Its not just the bad ones. If you compare the aggregate performance of democracies versus hereditary rule then democracies have less famines, less aggressive wars, fairer justice systems and higher standards of living.
Less famines: This isn't a result of monarchy vs. democracy. Was France more prone to famine under Napoleon III than the republican governments that followed?
Less aggressive wars: Are you really going to tell me that Great Britain and the United States in ~1800 (have to start "democratic" at some date for the former, and I'm not sure where) to 1918 (or thereabouts) waged fewer aggressive wars than the leading monarchies?
Fairer justice systems and higher standards of living: Hardly inherent qualities of monarchy vs. democracy. See below.
As for your last comment, that just shows the whole problem: social policy shouldn't depend on one man's desire to permanently cling to power. Plenty of democratic leaders willingly step down. How many monarchs have?
Oh I see now. It's totally not a problem for radicals to make it so monarchs feel threatened by reform, because monarchs should have no concern for their own interests. They should gladly surrender power, because by the very nature of them being crowned heads they're unfit to hold it*.
That attitude is why you see monarchs in the 20th century disliking liberals and reformers.
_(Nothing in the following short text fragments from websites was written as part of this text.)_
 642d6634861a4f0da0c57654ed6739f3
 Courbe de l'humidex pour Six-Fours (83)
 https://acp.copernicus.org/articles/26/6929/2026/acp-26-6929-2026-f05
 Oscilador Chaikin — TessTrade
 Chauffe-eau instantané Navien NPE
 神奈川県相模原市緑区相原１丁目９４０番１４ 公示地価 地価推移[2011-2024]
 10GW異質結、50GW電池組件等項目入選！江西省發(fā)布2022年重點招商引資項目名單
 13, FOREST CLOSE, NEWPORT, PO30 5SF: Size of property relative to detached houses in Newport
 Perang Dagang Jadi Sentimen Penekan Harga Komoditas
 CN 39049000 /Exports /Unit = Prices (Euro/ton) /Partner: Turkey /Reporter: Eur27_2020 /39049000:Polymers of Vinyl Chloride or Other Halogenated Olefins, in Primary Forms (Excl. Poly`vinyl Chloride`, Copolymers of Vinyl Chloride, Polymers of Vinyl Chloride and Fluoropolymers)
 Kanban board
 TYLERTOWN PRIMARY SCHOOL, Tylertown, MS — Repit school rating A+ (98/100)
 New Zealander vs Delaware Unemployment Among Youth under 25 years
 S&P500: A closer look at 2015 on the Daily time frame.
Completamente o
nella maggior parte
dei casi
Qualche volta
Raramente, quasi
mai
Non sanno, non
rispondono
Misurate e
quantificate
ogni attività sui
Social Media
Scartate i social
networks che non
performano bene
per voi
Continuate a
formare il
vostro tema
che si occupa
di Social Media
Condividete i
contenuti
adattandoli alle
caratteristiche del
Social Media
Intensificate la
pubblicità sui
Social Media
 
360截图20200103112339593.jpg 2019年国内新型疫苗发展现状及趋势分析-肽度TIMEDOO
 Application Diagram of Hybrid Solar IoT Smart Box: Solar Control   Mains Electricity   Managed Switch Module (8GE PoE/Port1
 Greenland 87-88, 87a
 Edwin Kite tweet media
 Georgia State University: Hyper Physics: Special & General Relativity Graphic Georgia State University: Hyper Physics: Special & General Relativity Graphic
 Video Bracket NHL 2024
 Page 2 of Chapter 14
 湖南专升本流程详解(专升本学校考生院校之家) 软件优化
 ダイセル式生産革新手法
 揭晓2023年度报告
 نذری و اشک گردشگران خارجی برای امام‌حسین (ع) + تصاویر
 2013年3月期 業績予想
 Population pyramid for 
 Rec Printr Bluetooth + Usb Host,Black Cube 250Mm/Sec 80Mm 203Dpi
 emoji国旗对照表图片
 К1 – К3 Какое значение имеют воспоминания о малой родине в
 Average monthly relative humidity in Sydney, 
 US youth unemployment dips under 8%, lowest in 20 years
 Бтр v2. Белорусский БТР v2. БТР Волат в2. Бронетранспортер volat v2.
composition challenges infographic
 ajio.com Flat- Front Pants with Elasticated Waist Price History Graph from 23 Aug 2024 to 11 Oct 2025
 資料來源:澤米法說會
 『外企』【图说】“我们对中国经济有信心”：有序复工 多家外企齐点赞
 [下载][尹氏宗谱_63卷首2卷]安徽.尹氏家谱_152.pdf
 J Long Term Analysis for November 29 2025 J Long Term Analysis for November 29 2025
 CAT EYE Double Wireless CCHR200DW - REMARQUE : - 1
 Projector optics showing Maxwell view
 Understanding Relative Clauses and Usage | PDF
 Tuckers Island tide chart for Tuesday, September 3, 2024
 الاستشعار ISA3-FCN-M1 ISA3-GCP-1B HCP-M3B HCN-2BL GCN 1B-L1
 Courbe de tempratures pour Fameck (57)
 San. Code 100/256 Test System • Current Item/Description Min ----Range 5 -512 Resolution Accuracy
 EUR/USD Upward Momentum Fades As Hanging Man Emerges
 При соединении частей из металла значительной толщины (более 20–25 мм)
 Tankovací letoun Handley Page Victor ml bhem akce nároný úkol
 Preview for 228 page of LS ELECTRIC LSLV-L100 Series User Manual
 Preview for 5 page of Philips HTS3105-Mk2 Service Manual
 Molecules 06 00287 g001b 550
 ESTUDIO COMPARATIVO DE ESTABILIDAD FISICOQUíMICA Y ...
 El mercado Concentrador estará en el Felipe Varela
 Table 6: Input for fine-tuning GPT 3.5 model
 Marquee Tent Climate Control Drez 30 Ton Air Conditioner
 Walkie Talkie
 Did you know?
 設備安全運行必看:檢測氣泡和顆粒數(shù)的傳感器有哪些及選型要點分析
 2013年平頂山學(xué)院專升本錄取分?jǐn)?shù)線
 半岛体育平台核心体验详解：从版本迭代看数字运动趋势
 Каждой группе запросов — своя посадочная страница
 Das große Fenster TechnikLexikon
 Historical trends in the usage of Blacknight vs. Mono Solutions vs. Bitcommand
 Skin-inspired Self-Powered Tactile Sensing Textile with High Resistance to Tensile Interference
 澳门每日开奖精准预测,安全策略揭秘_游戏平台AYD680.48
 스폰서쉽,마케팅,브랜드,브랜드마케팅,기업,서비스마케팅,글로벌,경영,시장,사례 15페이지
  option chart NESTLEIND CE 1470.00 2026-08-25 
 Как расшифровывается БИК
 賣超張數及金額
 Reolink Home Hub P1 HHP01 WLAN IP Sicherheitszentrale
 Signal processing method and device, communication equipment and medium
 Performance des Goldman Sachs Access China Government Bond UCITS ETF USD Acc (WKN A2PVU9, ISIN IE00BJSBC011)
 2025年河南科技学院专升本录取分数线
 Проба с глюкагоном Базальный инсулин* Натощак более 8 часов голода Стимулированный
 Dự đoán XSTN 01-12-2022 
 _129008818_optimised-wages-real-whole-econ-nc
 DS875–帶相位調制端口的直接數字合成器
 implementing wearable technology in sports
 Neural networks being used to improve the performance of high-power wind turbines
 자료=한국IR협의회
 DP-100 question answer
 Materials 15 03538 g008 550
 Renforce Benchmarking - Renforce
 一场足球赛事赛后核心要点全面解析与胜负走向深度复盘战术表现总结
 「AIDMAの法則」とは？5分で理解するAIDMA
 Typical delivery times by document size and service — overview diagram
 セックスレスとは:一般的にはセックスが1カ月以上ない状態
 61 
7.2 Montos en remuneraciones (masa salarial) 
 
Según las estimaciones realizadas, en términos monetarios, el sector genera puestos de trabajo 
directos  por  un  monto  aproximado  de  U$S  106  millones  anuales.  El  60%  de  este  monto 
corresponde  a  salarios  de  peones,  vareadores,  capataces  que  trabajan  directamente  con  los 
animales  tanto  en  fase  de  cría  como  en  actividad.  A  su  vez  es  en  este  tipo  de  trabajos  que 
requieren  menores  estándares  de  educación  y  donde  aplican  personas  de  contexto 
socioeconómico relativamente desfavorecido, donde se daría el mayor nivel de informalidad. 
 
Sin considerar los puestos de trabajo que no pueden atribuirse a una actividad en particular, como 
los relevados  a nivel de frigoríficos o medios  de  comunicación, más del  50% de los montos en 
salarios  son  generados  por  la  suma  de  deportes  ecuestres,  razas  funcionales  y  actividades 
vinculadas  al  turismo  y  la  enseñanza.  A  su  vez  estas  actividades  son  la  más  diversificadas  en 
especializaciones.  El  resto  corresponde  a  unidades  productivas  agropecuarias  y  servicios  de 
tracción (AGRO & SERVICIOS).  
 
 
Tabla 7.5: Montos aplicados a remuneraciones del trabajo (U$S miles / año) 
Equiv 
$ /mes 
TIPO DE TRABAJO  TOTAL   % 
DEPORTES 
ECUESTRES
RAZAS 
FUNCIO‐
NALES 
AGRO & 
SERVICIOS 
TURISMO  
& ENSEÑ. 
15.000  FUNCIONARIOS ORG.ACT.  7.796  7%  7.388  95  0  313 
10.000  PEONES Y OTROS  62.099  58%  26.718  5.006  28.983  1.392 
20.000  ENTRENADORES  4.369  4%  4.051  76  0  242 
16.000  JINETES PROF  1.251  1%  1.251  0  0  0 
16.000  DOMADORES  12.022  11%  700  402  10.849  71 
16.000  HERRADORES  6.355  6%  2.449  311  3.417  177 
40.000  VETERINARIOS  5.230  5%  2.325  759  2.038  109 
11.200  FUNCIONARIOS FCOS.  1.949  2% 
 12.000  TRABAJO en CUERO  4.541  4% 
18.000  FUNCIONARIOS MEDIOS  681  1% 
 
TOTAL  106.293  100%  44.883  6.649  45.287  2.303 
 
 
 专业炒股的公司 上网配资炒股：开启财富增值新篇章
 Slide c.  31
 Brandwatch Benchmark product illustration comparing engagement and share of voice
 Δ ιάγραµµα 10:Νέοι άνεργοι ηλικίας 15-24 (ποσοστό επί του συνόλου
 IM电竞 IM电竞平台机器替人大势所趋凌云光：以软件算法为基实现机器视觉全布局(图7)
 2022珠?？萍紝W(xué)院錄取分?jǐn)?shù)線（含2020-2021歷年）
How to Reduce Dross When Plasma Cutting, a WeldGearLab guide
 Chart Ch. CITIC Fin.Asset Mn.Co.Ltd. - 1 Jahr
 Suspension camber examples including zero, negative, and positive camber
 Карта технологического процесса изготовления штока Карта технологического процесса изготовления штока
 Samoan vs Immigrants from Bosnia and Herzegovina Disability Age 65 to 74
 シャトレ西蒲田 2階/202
And quite frankly, I have a lot of trouble blaming rulers for not wanting to be made figureheads.
You could try to have the crown as an ally, using the power of the sovereign to promote and protect social reforms - but that would require not treating their elimination as the (pun intended) crowning triumph of reform/liberalism.
*
I could make a snarky comment about the ignorant masses, but I'm trying not to.